(Task statement):
Once "Splash FAV Venom" turns up in a line below, reproduce that line and those after it exactly, stopping after the line with "Wild Flowers flask"; leave pictures out.

(Task input):
----------------
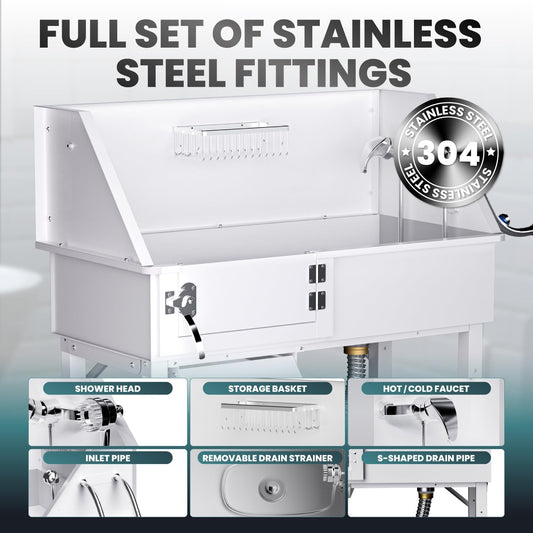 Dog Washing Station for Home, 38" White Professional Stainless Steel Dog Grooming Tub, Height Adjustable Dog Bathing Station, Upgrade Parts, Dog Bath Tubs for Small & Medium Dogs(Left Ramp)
----------------
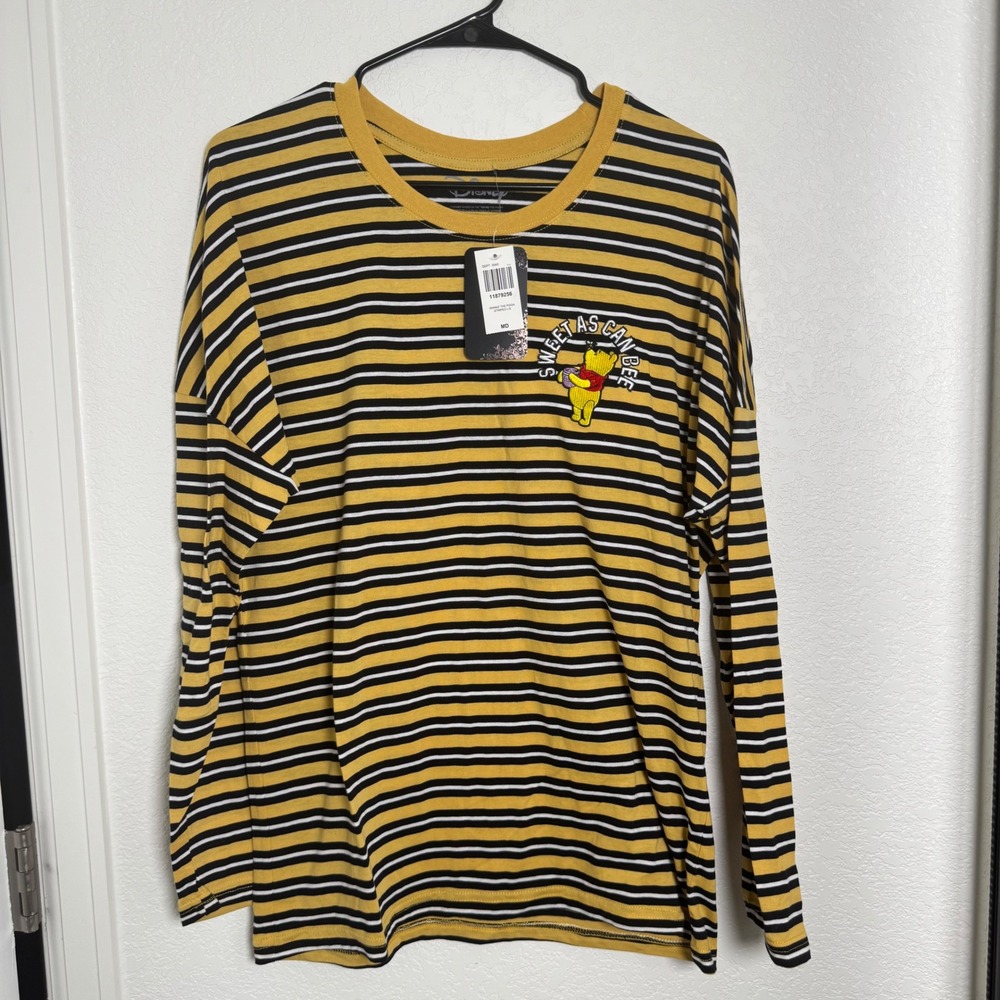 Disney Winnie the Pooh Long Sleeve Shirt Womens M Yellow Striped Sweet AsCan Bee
----------------
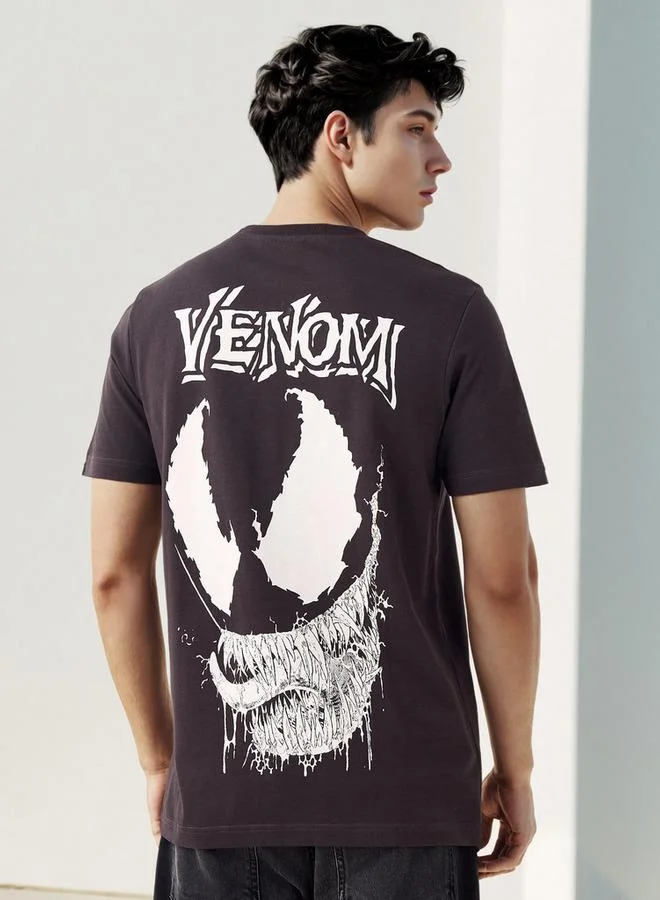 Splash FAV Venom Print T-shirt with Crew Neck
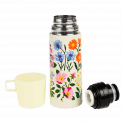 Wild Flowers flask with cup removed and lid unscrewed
----------------
(Answer area):
 Splash FAV Venom Print T-shirt with Crew Neck
 Wild Flowers flask with cup removed and lid unscrewed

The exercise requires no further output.